By Reuters - Dec 02,2017 - Last updated at Dec 02,2017

PARIS/BAGHDAD — French President Emmanuel Macron on Saturday called on Iraq to dismantle all militias, including the government sanctioned Iran-backed Popular Mobilisation Units (PMU), a rare public request to do so by a major Western leader.

Macron’s call, which followed a meeting with Iraqi Kurdish leaders in Paris, underscores the tough balancing act Baghdad has to perform between its allies in the war on the Daesh terror group, Iran and Western powers, which do not see eye to eye.

Iraqi Kurdish authorities accuse the majority of Arab Shiite PMU  of widespread abuses against Kurds in ethnically-mixed regions.

The meeting with the Kurdistan Regional Government (KRG) Prime Minister Nechirvan Barzani and his deputy Qubad Talabani was the first high profile international meeting for the Kurdish leadership after a September 25 independence referendum. 

“It is essential that there is a gradual demilitarisation, in particular of the Popular Mobilisation that established itself in the last few years in Iraq, and that all militias be gradually dismantled,” he told a joint news conference held with Barzani and Talabani.

Macron called for dialogue in Iraq between the central government in Baghdad and the semi-autonomous KRG within the framework of the Iraqi constitution, saying he was convinced a “constructive dialogue” could lead to lifting Baghdad’s restrictions on the Kurdish region.

Kurds voted overwhelmingly to break away from Iraq in the referendum, defying the central government in Baghdad and alarming neighbouring Turkey and Iran who have their own Kurdish minorities.

The Iraqi government responded by seizing the Kurdish-held city of Kirkuk and other territory disputed between the Kurds and the central government.
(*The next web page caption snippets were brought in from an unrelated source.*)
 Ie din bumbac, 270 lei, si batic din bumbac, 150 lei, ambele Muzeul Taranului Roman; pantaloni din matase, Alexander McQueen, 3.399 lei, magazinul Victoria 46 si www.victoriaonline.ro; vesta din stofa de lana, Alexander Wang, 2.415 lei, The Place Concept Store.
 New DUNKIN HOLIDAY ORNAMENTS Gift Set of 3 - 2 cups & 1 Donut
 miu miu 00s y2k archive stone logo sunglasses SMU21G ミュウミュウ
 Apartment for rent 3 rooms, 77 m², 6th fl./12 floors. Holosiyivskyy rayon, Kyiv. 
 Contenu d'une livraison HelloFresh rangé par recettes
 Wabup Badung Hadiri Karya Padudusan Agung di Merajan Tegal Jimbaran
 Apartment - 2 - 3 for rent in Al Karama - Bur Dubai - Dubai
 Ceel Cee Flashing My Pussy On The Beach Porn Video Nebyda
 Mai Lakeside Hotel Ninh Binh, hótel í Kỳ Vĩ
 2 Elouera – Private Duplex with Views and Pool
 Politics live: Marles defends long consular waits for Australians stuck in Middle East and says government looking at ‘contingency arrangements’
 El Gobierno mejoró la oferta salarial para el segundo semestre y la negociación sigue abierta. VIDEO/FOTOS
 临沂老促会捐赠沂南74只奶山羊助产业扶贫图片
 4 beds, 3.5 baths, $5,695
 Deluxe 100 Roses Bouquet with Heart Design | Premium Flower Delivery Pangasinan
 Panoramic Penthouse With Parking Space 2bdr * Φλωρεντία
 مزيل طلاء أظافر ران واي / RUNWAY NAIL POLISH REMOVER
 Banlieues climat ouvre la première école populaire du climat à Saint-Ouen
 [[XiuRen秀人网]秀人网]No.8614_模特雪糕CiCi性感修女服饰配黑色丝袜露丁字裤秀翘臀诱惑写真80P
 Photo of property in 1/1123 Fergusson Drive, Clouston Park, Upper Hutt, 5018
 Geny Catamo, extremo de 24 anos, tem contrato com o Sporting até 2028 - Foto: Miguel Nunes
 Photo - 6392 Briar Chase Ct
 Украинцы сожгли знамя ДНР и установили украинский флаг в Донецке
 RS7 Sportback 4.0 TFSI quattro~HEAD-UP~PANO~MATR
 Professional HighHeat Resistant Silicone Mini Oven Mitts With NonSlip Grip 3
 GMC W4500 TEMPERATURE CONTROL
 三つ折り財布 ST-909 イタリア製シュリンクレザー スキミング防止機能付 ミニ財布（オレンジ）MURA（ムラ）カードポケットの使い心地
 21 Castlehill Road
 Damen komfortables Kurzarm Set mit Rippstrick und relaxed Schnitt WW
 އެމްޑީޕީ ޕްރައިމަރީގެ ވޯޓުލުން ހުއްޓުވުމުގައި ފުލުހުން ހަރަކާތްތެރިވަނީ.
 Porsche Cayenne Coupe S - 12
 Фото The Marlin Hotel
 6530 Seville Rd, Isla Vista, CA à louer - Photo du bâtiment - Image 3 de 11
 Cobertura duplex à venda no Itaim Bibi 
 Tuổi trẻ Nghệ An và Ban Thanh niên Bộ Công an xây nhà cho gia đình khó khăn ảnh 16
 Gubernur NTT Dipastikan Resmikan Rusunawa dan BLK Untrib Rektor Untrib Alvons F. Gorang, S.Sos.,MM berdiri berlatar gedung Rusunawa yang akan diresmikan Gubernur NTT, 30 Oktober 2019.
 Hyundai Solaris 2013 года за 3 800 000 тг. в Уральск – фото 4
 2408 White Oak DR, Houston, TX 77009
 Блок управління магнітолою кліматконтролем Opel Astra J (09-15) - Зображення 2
It also banned direct flights to Kurdistan and demanded control over border crossings.

Long-serving Kurdish president Masoud Barzani stepped down over the affair and the regional government led by his nephew Nechirvan has tried to negotiate an end to the confrontation.

The Kurdish prime minister said on Saturday he saw France playing a role to end the dispute with Baghdad and that his government respected a November 20 verdict by the Iraqi Supreme Federal Court ruling the referendum unconstitutional and its results void.

“With regards to the referendum, we are in a new era, and this issue is over and we have made our position in the Kurdistan Regional Government clear,” Erbil-based broadcaster Rudaw, which is close to the KRG, quoted Barzani as saying.

Macron called for the long-delayed implementation of Article 140 of the Iraqi constitution to settle the status of territories disputed between Baghdad and the Kurds.

Article 140 provided for a referendum to be held by the end of 2007 in the oil region of Kirkuk and other territories claimed by both the KRG and the Iraqi government to determine whether their populations wanted to be part of the Kurdish region or not.

No such referendum took place, among the reasons cited by the KRG to unilaterally hold its referendum on independence.